Atas hal tersebut, Bagja menilai perlunya KPU dan Bawaslu duduk bersama menyusun aturan politik uang.
Menurut dia, setelah peraturan itu disusun dan ditetapkan, maka penegakan hukum akan bisa dijalankan.
"Nah, ini harus diatur, harus diomongin bersama. Jadi, pendekatannya pendekatan terhadap masyarakat juga seperti apa. Pendekatan kepada partai politik atau caleg juga seperti apa, kita harus pertemukan," kata Bagja.

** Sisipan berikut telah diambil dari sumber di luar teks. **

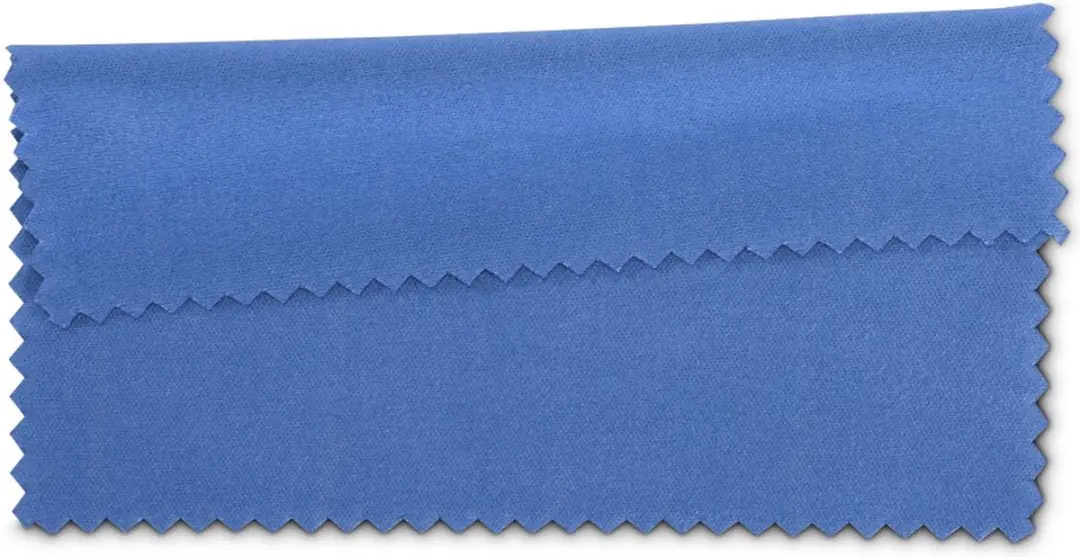 Hama Prisma Verrekijker 10x50 - Blue Coated - Zwart - afbeelding 3 van 6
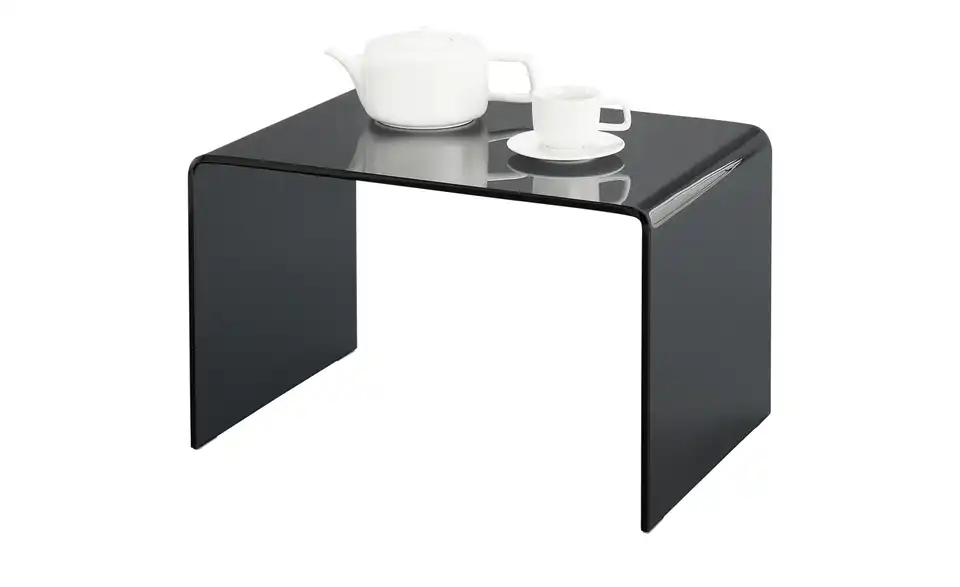 Couchtisch Estremoz, Perspektive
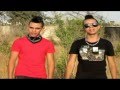 Srecord feat devil rap rima dyali clip officiel 2013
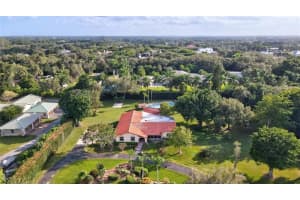 14130 56th Manor, Southwest Ranches, FL 33330 - MLS#F10534915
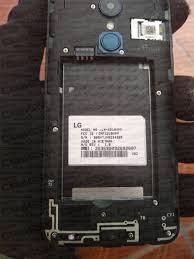 Zone is a registered trademark of lg electronics, inc. Unlock Lg Zone 4 Lm X210vpp Clan Gsm Union De Los Expertos En Telefonia Celular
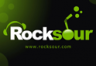 Rocksour Radio
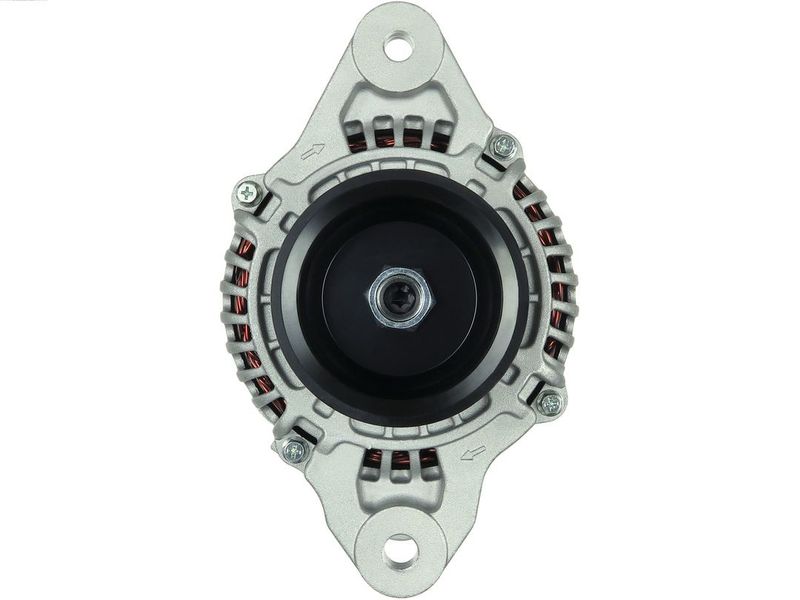 AS-PL A5046 Alternator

"Sehingga kemudian yang misal di luar Rp 50.000, money politics berarti, sudah tidak ada pengampunan. Money politics, masuk ke sentra gakum (penegakan hukum), masuk ke tindak pidana pemilu," ungkap dia.
Lebih lanjut, Bagja menegaskan bahwa dengan demikian belum ada aturan pakem mengenai persoalan politik uang
Hal itu juga diakuinya masih menjadi perdebatan.